Visiting China’s historic political centers


Sun Yat-sen Mausoleum in Nanjing, East China's Jiangsu Province Photo: Hilton Yip

Beijing, as almost everyone knows, is the capital of China. Large, proud and historic, it boasts a history of over 1,000 years and sights that are famous across the world.

But it is not ancient China's only great capital. Three other illustrious cities also had the honor of being great Chinese capitals where powerful emperors lived and ruled.
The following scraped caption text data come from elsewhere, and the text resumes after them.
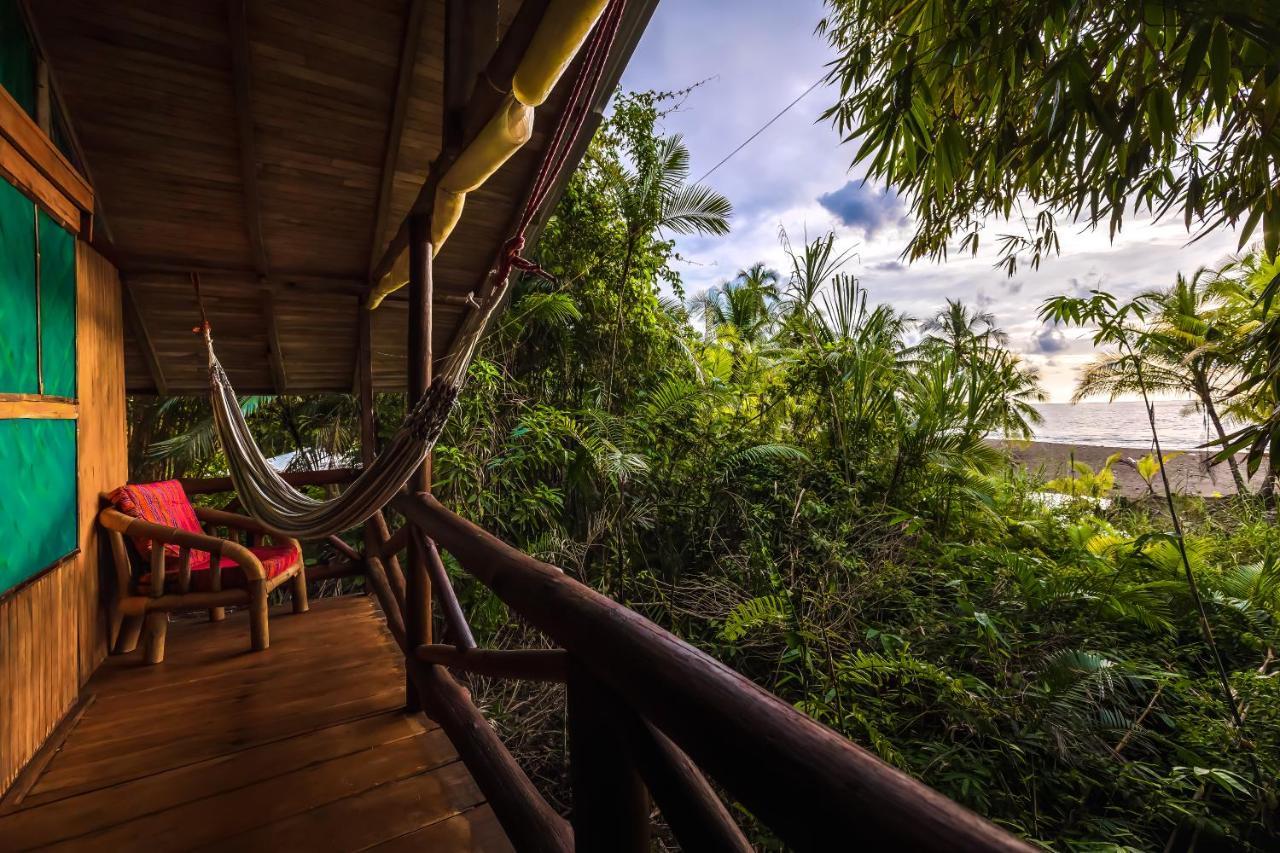 Ocean Forest Ecolodge San Pedrillo Buitenkant foto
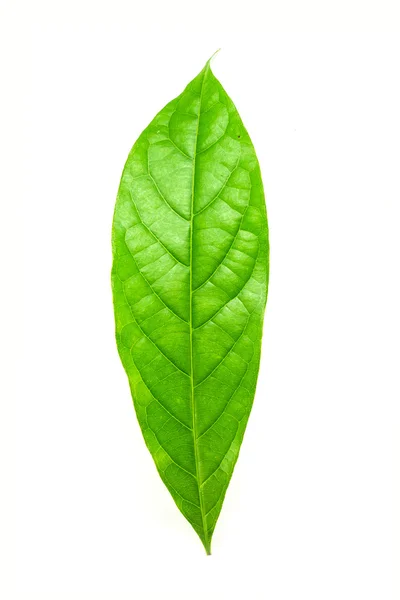 Hoja verde — Foto de Stock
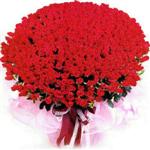 Antalya Asya online çiçekçi , çiçek siparişi  1001 adet kirmizi gülden çiçek tanzimi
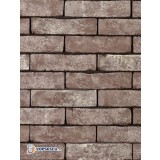 Placaj klinker Terca Forum Cromo Genuanceerd, 21.5x6.5x2.3 cm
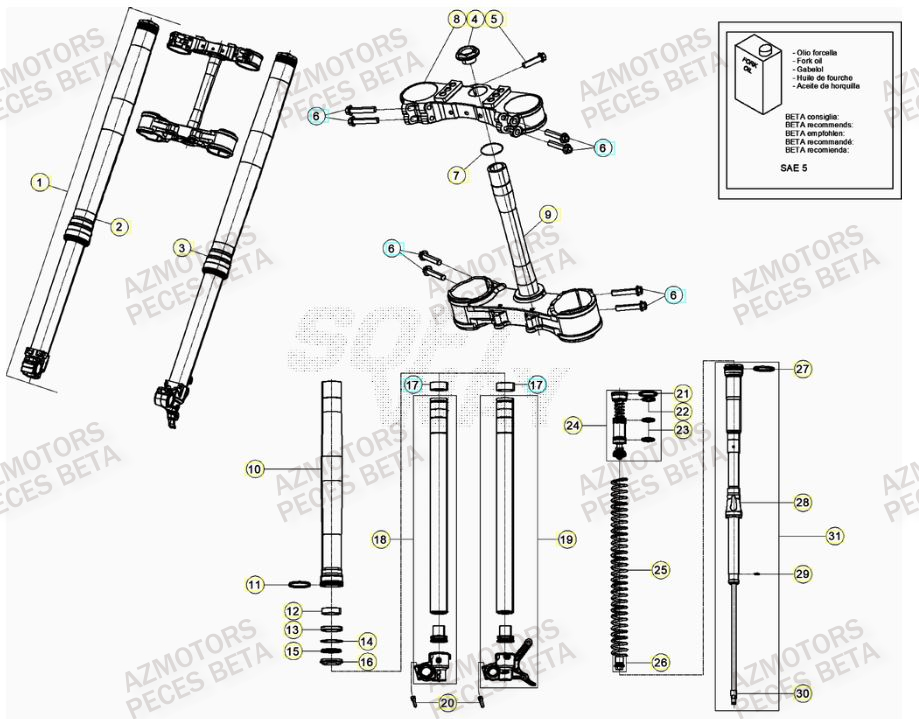 Fourche BETA Pieces BETA RR 2T 300 RACING - (2022)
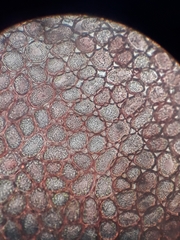 Lepidolaena reticulata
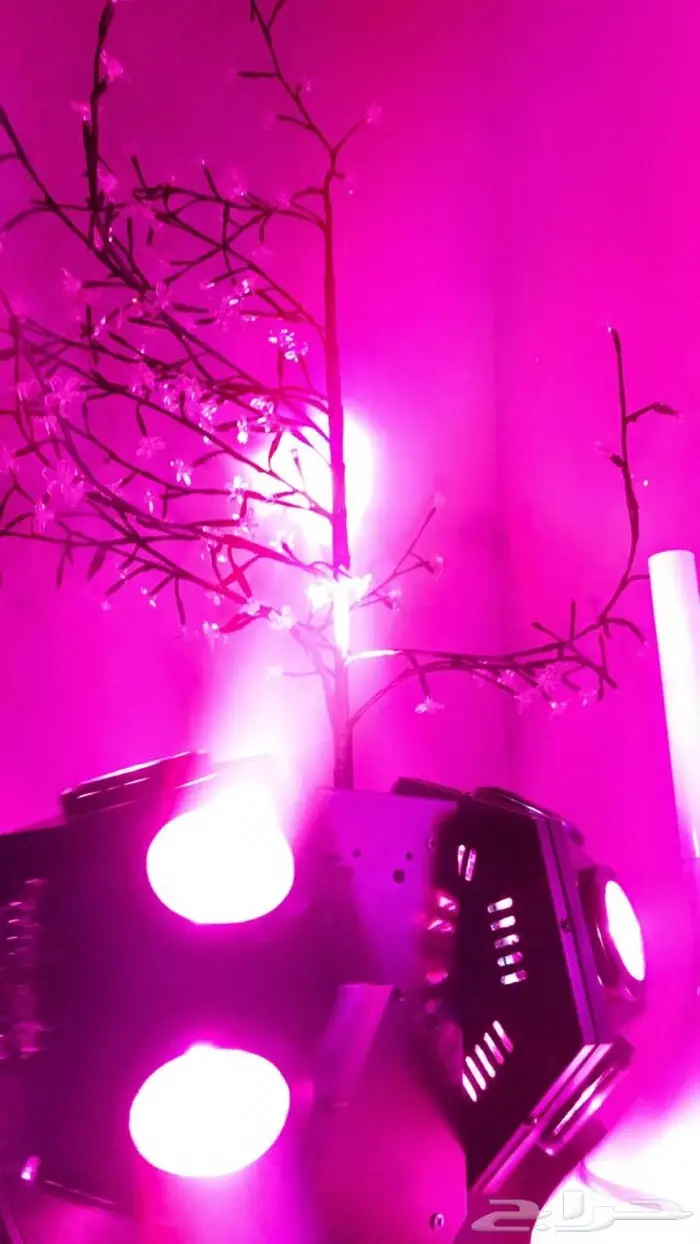 بوابه وأجهزة حديثه لافتتاح محلات تجاريه 2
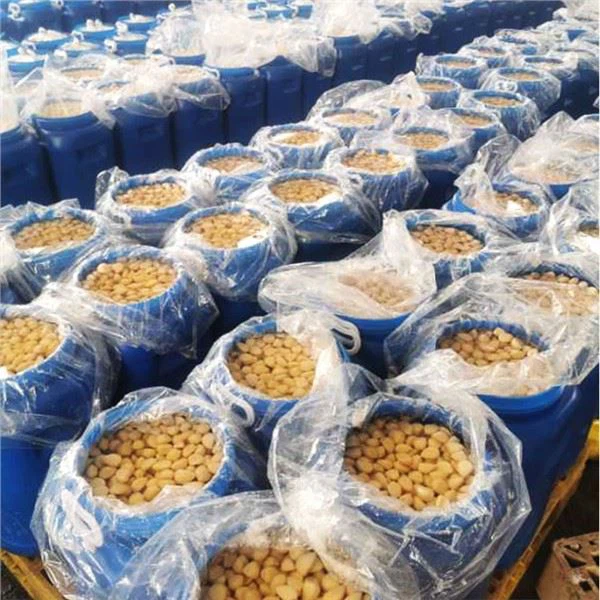 Salted Garlic Cloves in Brine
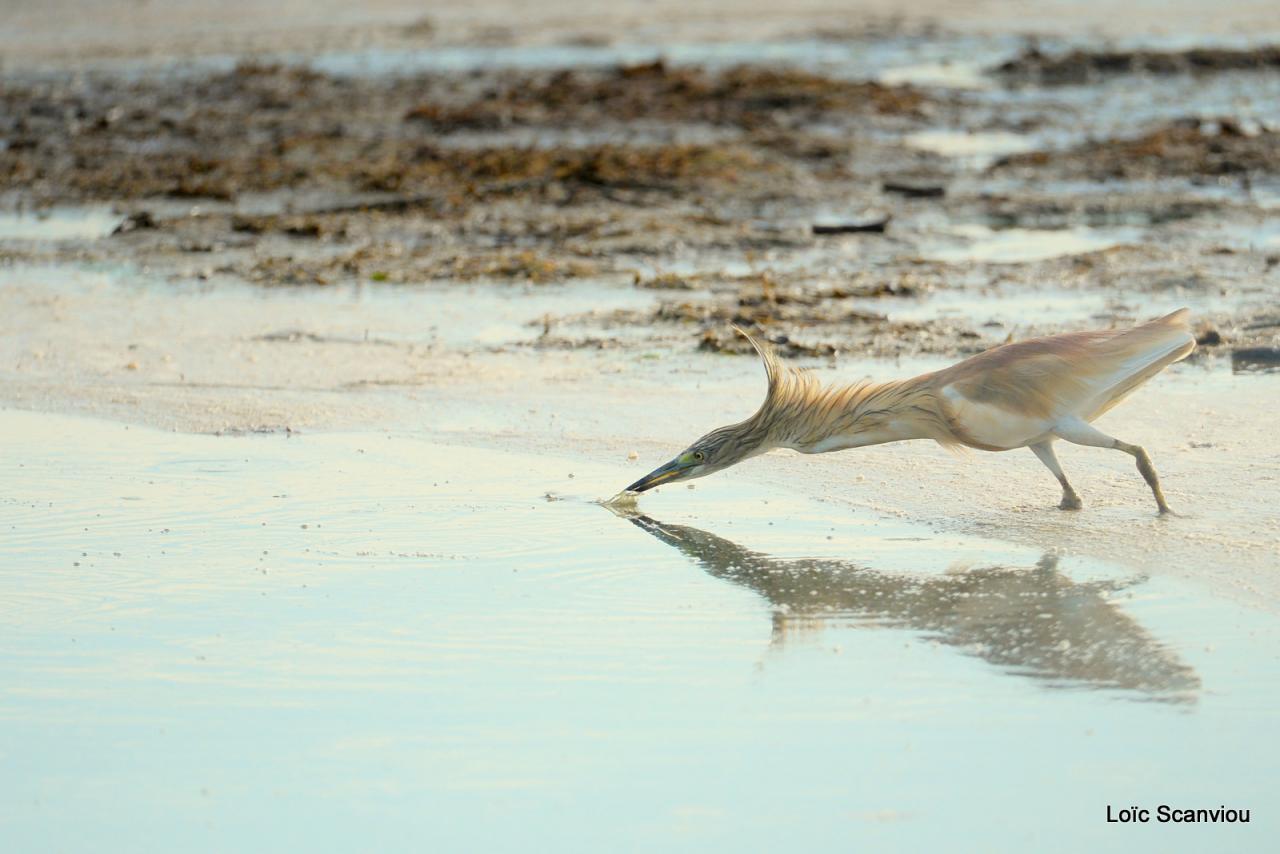Crabier chevelu/Common Squacco Heron (1)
The city of Chang'an, modern day Xi'an, shone as the capital of the ­il­lustrious Tang Dynasty (618-907), while to the east, Luoyang, was the seat of power for Western Han Dynasty (206BC-AD25). Along the Yangtze River, Nanjing, the "Southern Capital," preceded Beijing as the capital of the Ming Dynasty (1368-1644) and was later the capital of the Republic of China (1912-49). They have somewhat different atmospheres, but all are intriguing places to visit, boasting a multitude of famous landmarks, historic places and UNESCO World Heritage Sites.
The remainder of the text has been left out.